RAF has also succeeded in projecting the human face of the Government and built bridges with the public by carrying out prompt rescue and relief operations during floods, earthquakes, cyclones and outbreak of epidemics in various parts of the country.

===Anti-terror operations===
Kamlesh Kumari of the 88 Mahila Battalion was posthumously awarded the Ashoka Chakra for her bravery during the 2001 Indian Parliament attack.

RAF was active during the 2002 Swaminarayan Akshardham temple attack in Gandhinagar, Gujarat.
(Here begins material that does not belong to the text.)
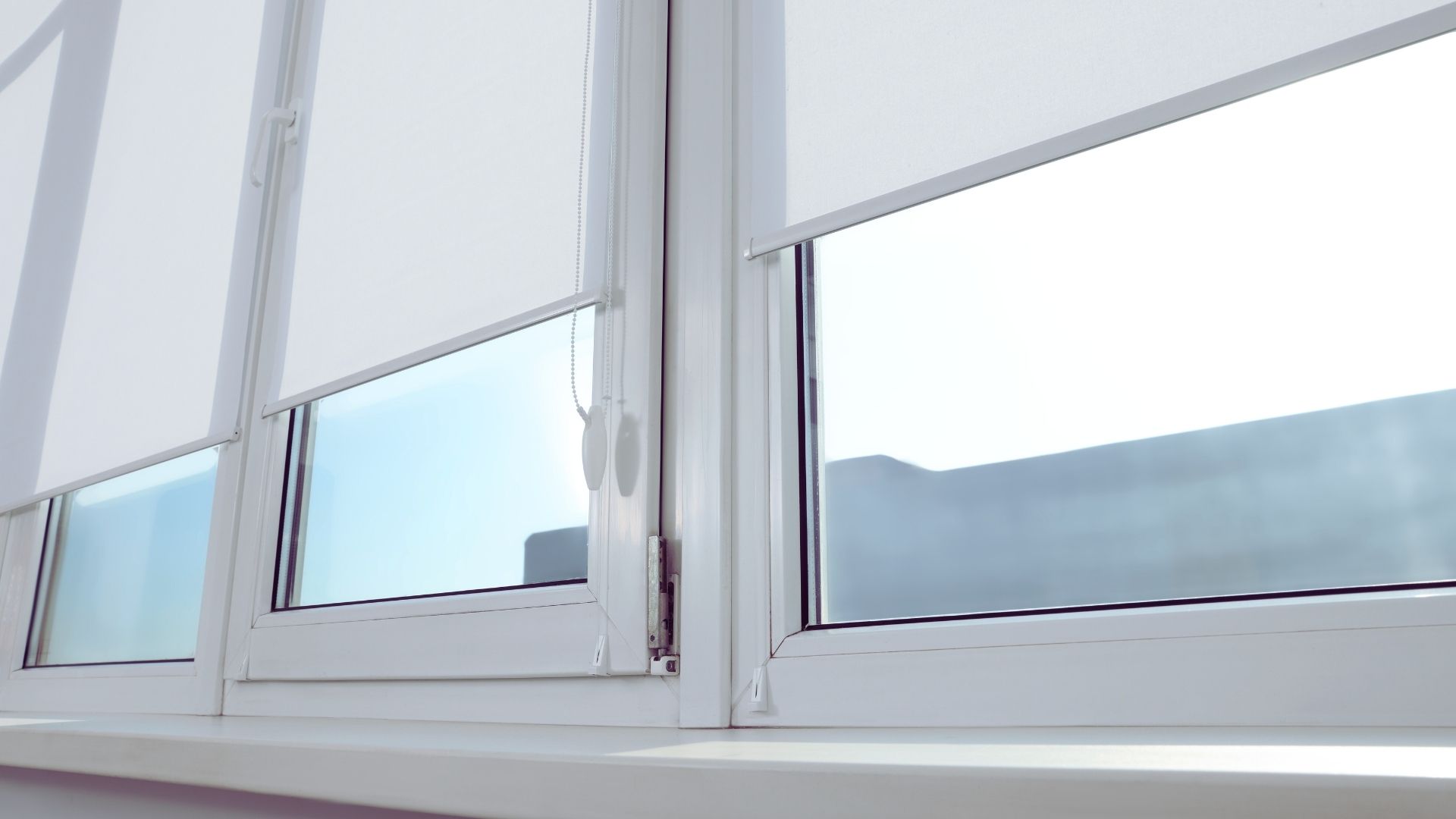white fabric blind closing on window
During the November 2008 Mumbai Terror Attacks, RAF was involved in cordoning the areas around the Oberoi Trident and the Taj Mahal hotels.
== Controversies ==
- According to IBTimes UK, Delhi Police deployed the Rapid Action Force and shut multiple central Delhi metro stations in July 2026 to block a planned march by the Cockroach Janata Party over the NEET-UG paper leak scandal, a move that organisers and opposition leaders characterized as suppression of peaceful dissent while authorities cited security concerns.
- During the 2026 Delhi Jantar Mantar protests, the Rapid Action Force (RAF) faced criticism over its handling of demonstrators. In July 2026, an internal RAF departmental inquiry found that some personnel had used "excessive force" against student protesters and concluded that their actions "can't be justified".